Cheap Dollar Diplomacy

Worries over U.S.-European estrangement miss the real threat: the falling U.S. dollar.

BY MOISÉS NAÍM | JULY 1, 2003

For more than a year, the badly deteriorating political relationship between the United States and Europe has provided rich fodder for analyses, dire predictions, threats, and appeals. Meanwhile, as politicians, diplomats, and generals have fretted over the geopolitical causes and consequences of the worsening trans-Atlantic relationship, the U.S. dollar has been sliding against the euro. Recently, the dollar hit a four-year low in its value against the euro; most experts believe the greenback will not regain its strength for some time. And that points to a truth that is not yet fully recognized on either side of the Atlantic: A U.S. dollar whose value relative to the euro has plummeted by about 40 percent since late 2000 will have a greater impact on the U.S.-European relationship than all the diplomatic maneuvers, speeches, and articles on the current state of trans-Atlantic affairs.

The most immediate consequence of a weaker dollar is that Europe will be flooded by U.S. exports, and the United States will see a surge of European tourists whose apprehensions about President George W. Bush's unilateralism will be tempered by increasingly cheap opportunities to take the children to Walt Disney World. Americans will not switch to Californian wines because of France's stance on Iraq but rather because French wines will become more expensive. Yes, the exchange rate is indeed a magic number.

The realignment of the U.S. dollar against the euro will make life more difficult for European industries, while making U.S. companies more competitive. The U.S. private sector has already been sharpened by its swift, ruthless, and profound restructuring in response to the bursting of the stock market bubble, a slow economy, corporate scandals, and the shock of terrorism and war. In contrast, Europe's legendary rigidities in labor markets, burdensome business regulations, and closed corporate ownership have hamstrung the ability of many European companies to react swiftly and effectively to changes in the global economy. A cheaper U.S. dollar will pose a major challenge for European corporate executives, policymakers, and labor union leaders. Managers in euroland will face unprecedented pressures to cut costs, policymakers to save and create jobs, and union leaders to protect the generous benefits they have secured for their members over the years. The clash between these contradictory forces is certainly not new, but the consequences of a stronger and less competitive euro will bring these trends to a boil and exert immense influence over the course of European politics.
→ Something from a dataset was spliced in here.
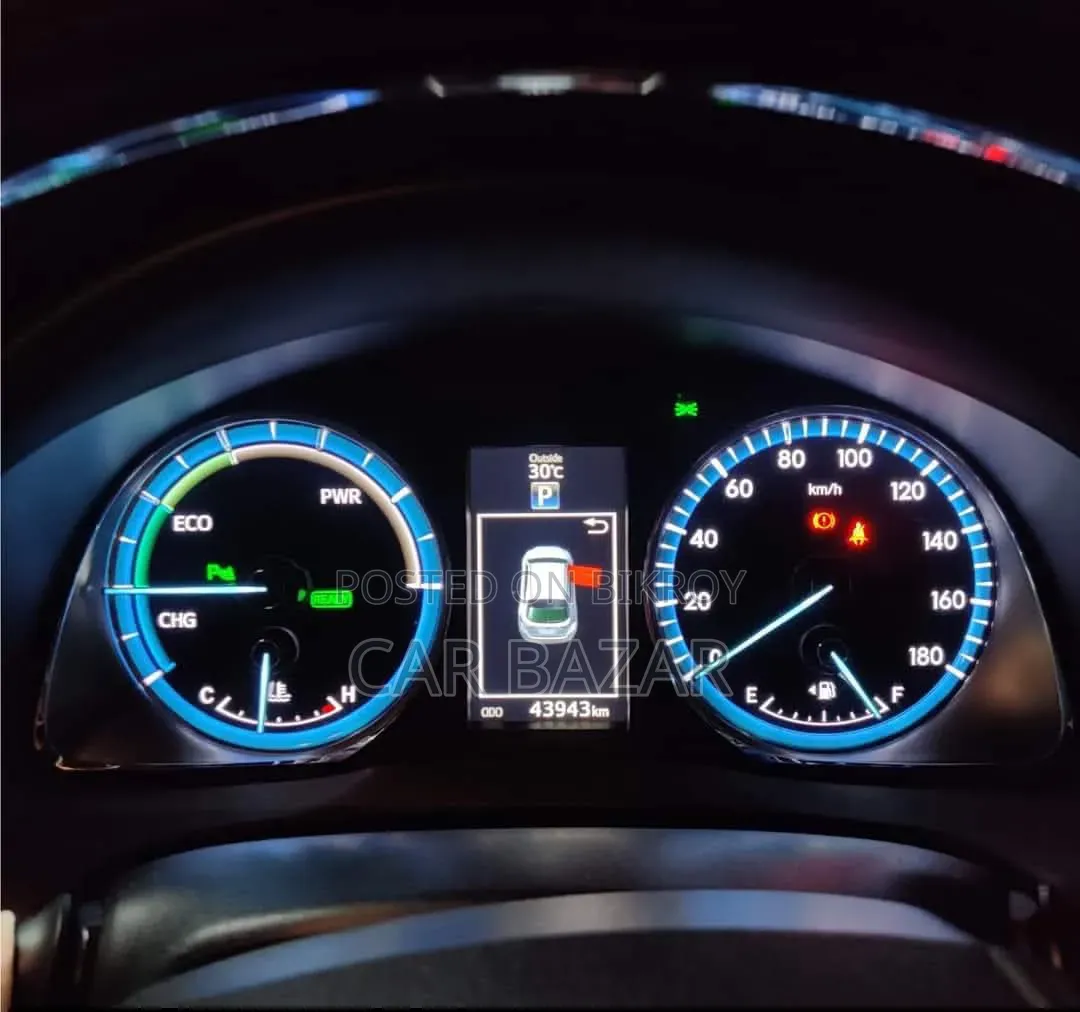 Toyota Harrier Hybrid Progress 2015 White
The economic and political consequences of a strong euro may spur the creation of the coalitions needed to undertake long-awaited structural reforms. From macroeconomic policy and deregulation to labor market flexibility and changes in corporate ownership and governance, continental Europe faces a daunting reform agenda. Therein lies the problem. The reforms imply such wrenching social and political rearrangements that Europe may be tempted to combat the effects of a cheaper U.S. dollar by retreating behind subsidies and protectionist barriers. In the absence of reforms, some companies may be able to shift their manufacturing to cheaper and friendlier locations, but most will have no other option than to pressure their governments for more subsidies and greater protection. As joblessness increases, political demands to save the jobs lost to imports, industrial relocation, or new immigrants will become even more intense.

 

Moisés Naím is editor in chief of FOREIGN POLICY.